In the coming months, Congress will be negotiating FY26 appropriations bills, determining what portion of our tax dollars go to programs for national defense and, what is often mistakenly seen as its antithesis, immigration and humanitarian aid.
Maine’s Sen. Susan Collins, as chair of the Appropriations Committee, has made it clear that she will have to make trade-offs. But vital protections and support for refugees cannot be sacrificed.
Places like Portland would not exist in the same way without the essential work done by immigrant community members, many of whom stay on work permits in this country as part of broader humanitarian protections that allow them refuge while their origin countries face turmoil.

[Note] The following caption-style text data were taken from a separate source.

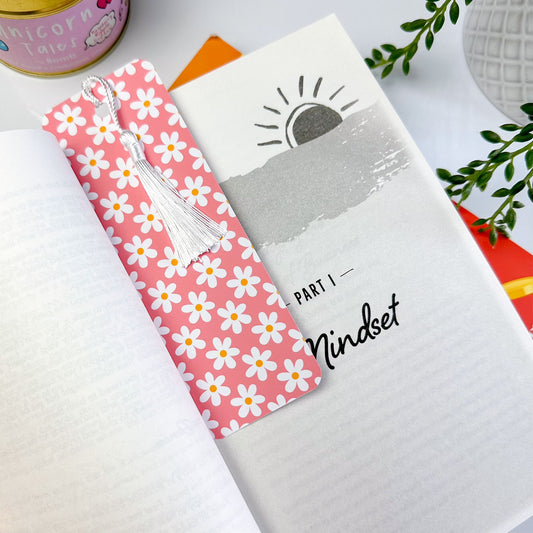 Daisy Bookmark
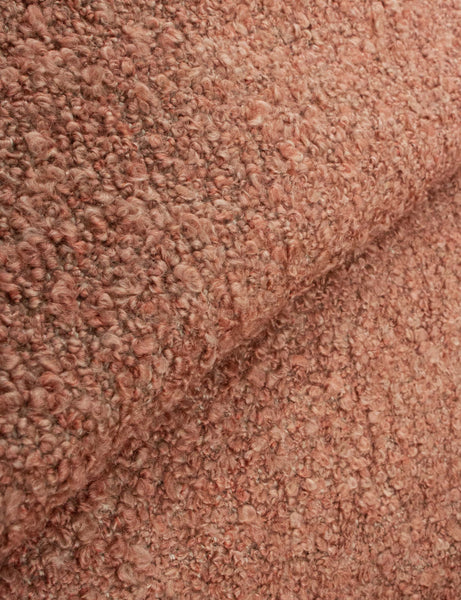 #color::blush-luxe-boucle #size::24-Dia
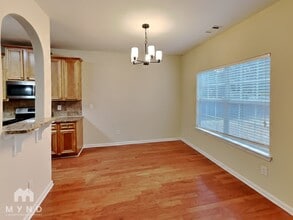 1386 Cooper Gayle Dr in Snellville, GA - Foto de edificio - Building Photo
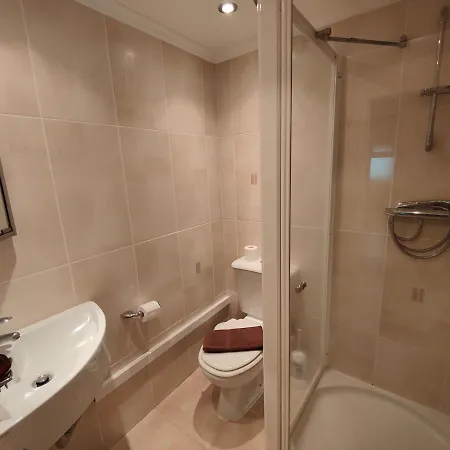 By The & Pool Apartman Funchal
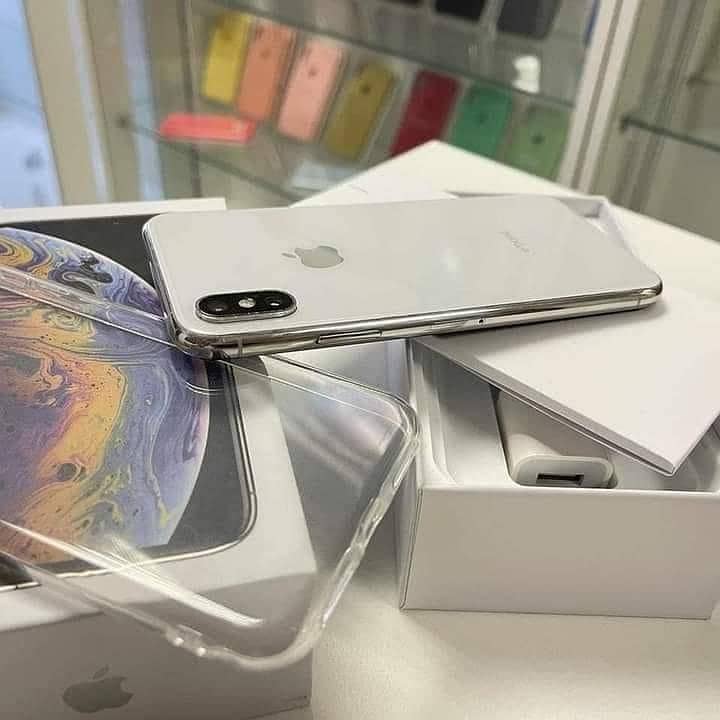 Apple iPhone XS Max 3
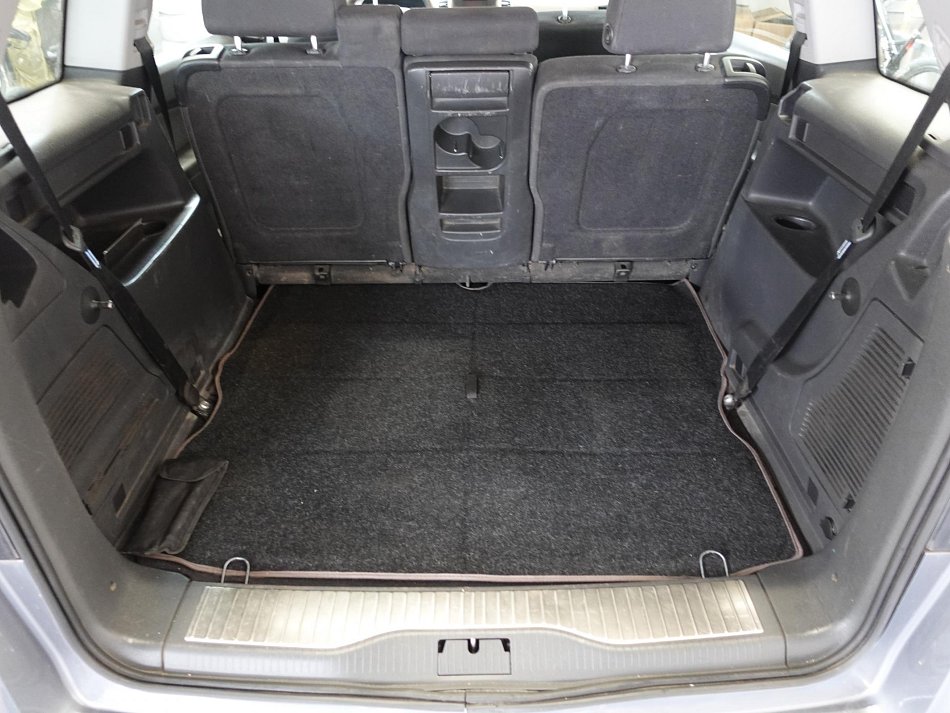 Opel Zafira 1.8 16V  7míst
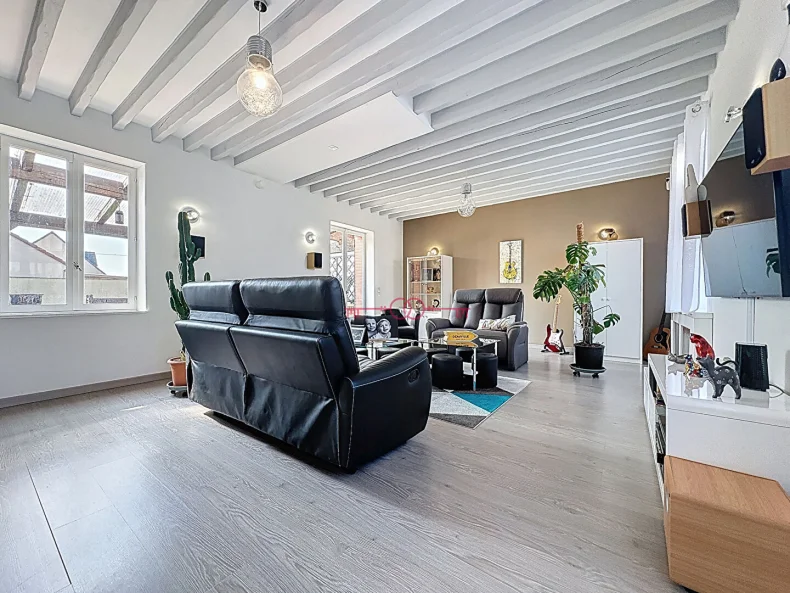 Maison 5 pièces à Menneville - photo 2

Congress recently approved additional spending of $170 billion for immigration enforcement. The trade-off is not one of “programs for U.S. citizens” or “programs to support refugees.” It is a question of continuing to spend billions of dollars funding deportations and detentions or using the same money to instead invest in these communities who will continue to come to this country for hope and opportunity no matter how many barriers our government tries to put up. Imagine what we could create.
I appreciate Sen. Collins’ recent statements on the importance of protecting our immigrant communities, and I hope to see these statements of allyship translated into policy. I urge her team, as well as the rest of Maine’s federal representatives, to refuse any deal that sacrifices essential support for refugee programs and protections in the upcoming FY26 bills.